* **Assigned task**: Repeat exactly the lines of the material below that run from the "Marvel Rivals - All" line to the "Golden Sun: Dark" line, including both, and do not carry over any pictures.

* * * * * * *

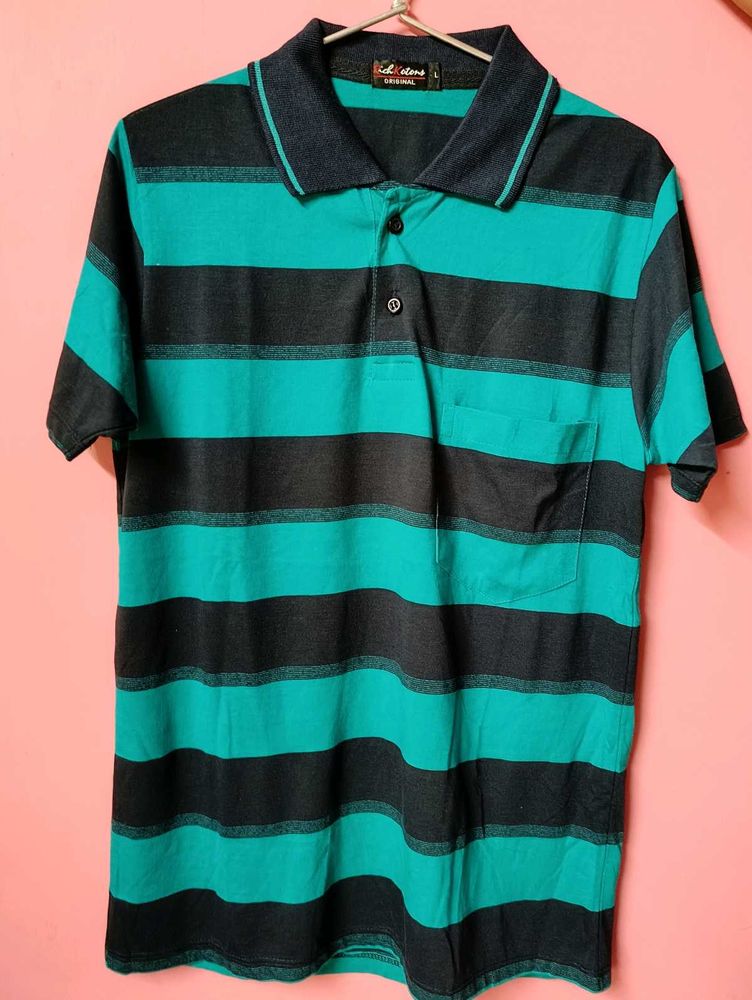 Cotton collar T-shirts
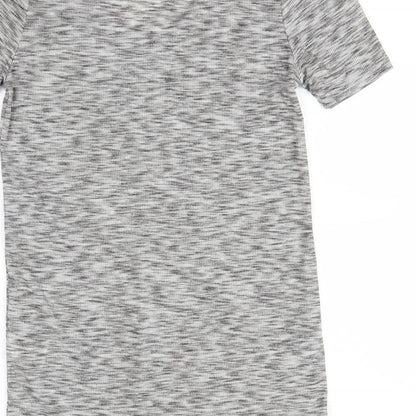 Womens UK Size 10 Papaya Grey Basic Polo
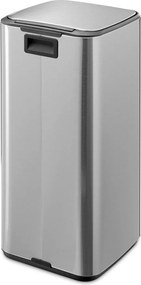 Matt ezüstszínű acél pedálos szemetes 30 l Bo – Brabantia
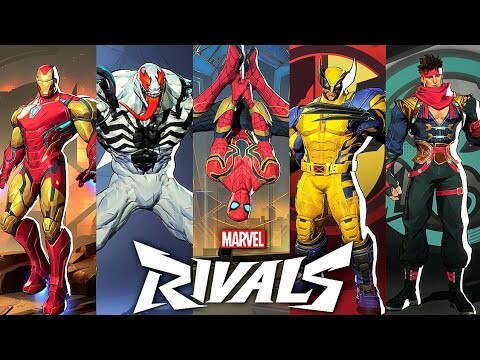 Marvel Rivals - All NEW Character Skins & Cosmetics | Full Roster (4K)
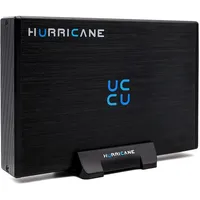 HURRICANE GD35612 500GB Externe Festplatte, 3.5 Zoll USB 3.0, Desktop Speicher mit Netzteil für PC, TV, Ps4, Ps5, Xbox Laptop, Notebook kompatibel mit Windows Mac Linux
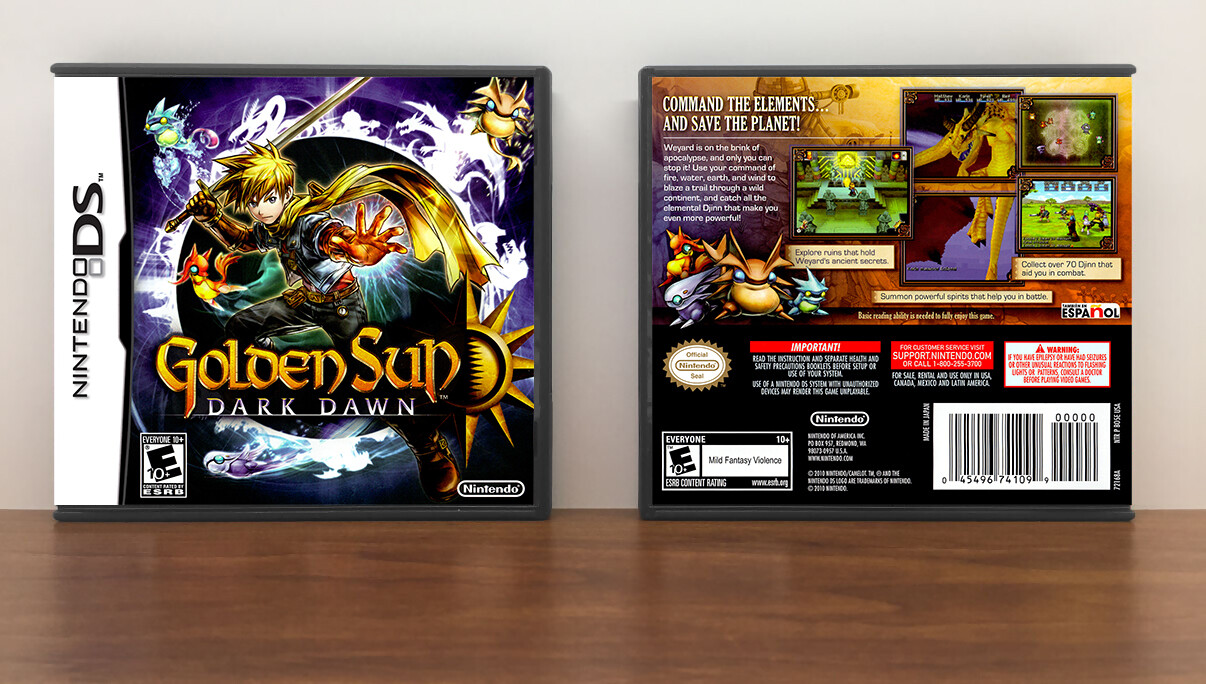 Golden Sun: Dark Dawn, Case Color: DARK GREY (OEM DS CASE COLOR)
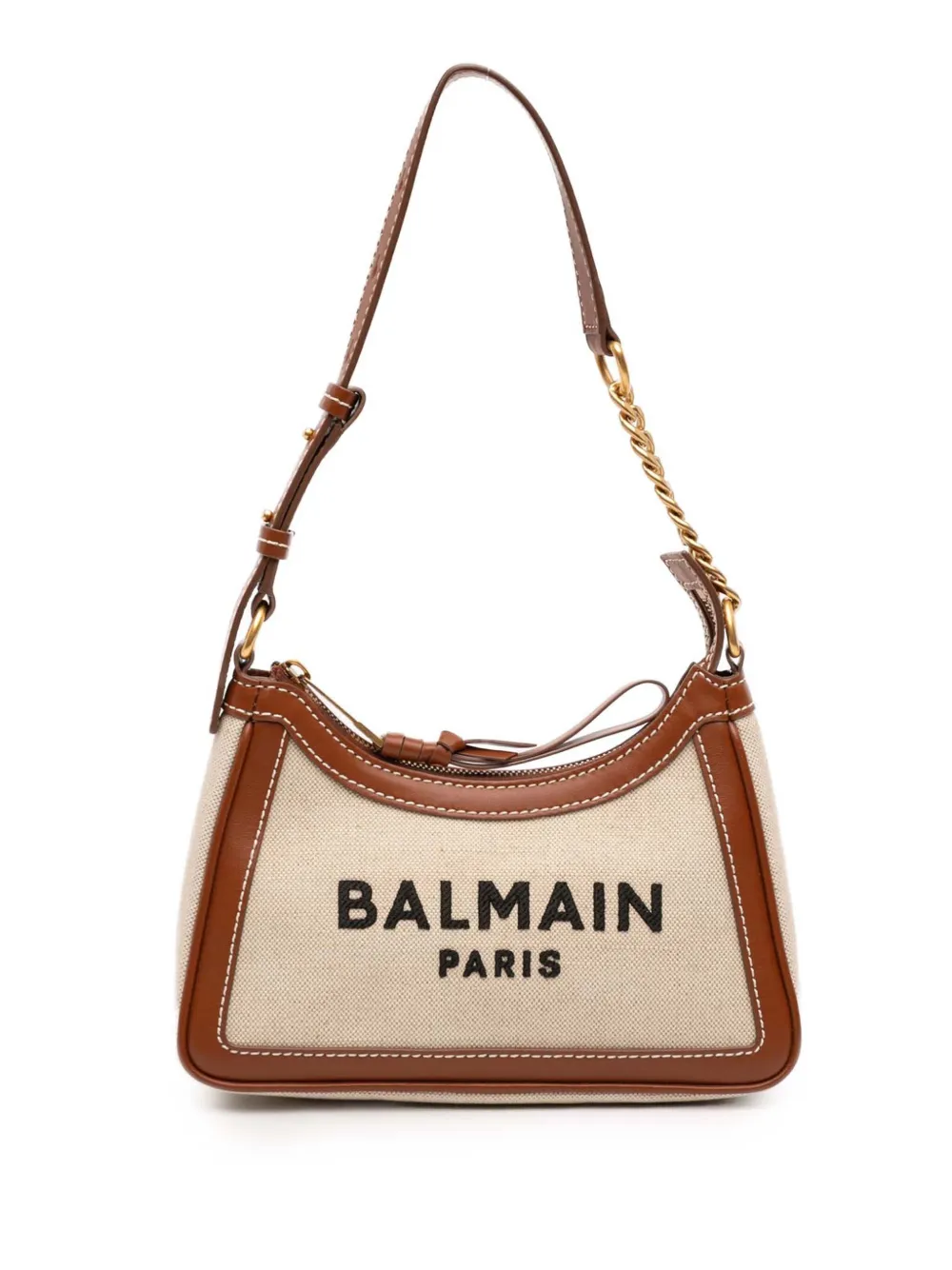 Balmain Pre-Owned Borsa a spalla Canvas B Army Logo 2000-2026 - Toni neutri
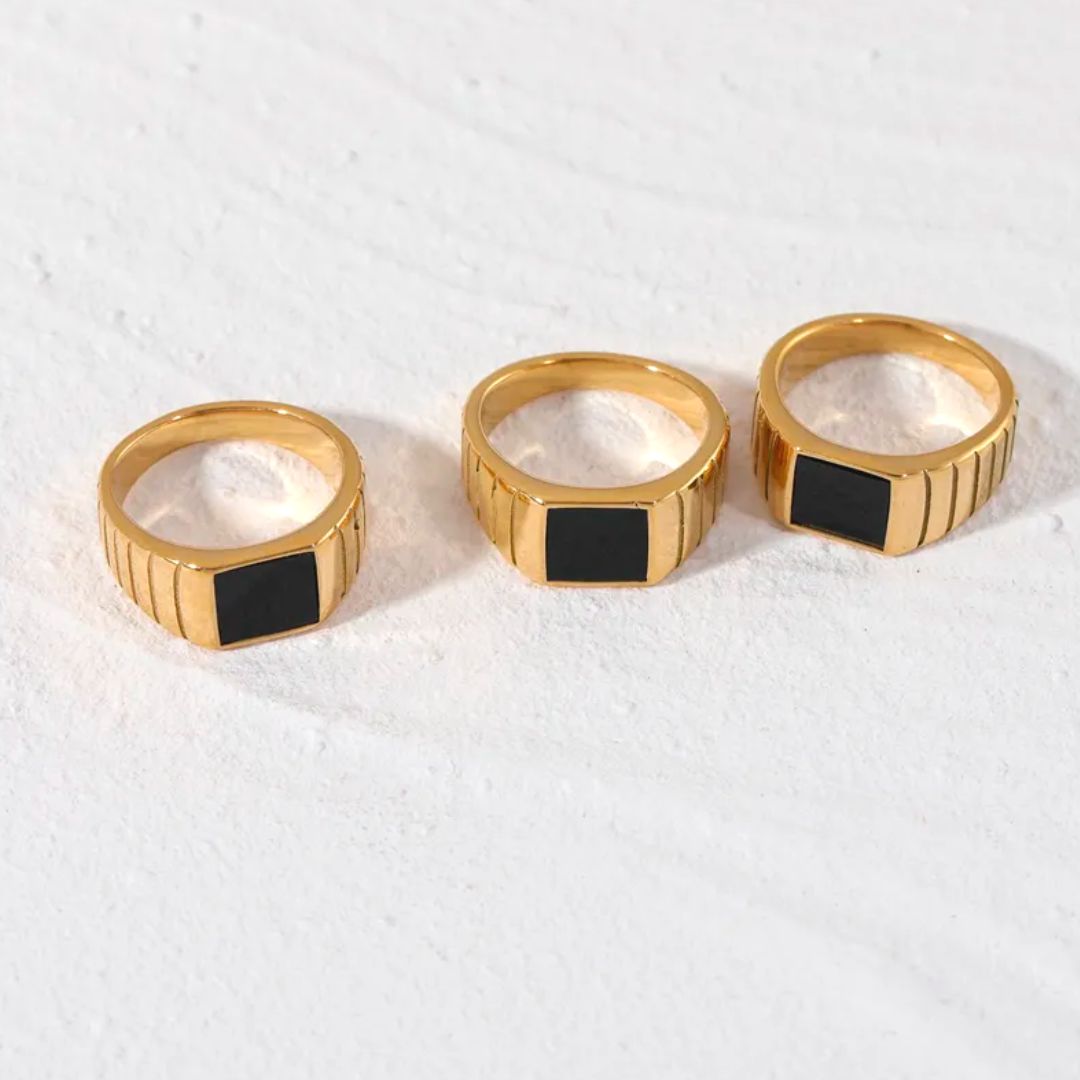 “Kaya” Onyx Ring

* * * * * * *

* **Answer to this exercise**:
 Marvel Rivals - All NEW Character Skins & Cosmetics | Full Roster (4K)
 HURRICANE GD35612 500GB Externe Festplatte, 3.5 Zoll USB 3.0, Desktop Speicher mit Netzteil für PC, TV, Ps4, Ps5, Xbox Laptop, Notebook kompatibel mit Windows Mac Linux
 Golden Sun: Dark Dawn, Case Color: DARK GREY (OEM DS CASE COLOR)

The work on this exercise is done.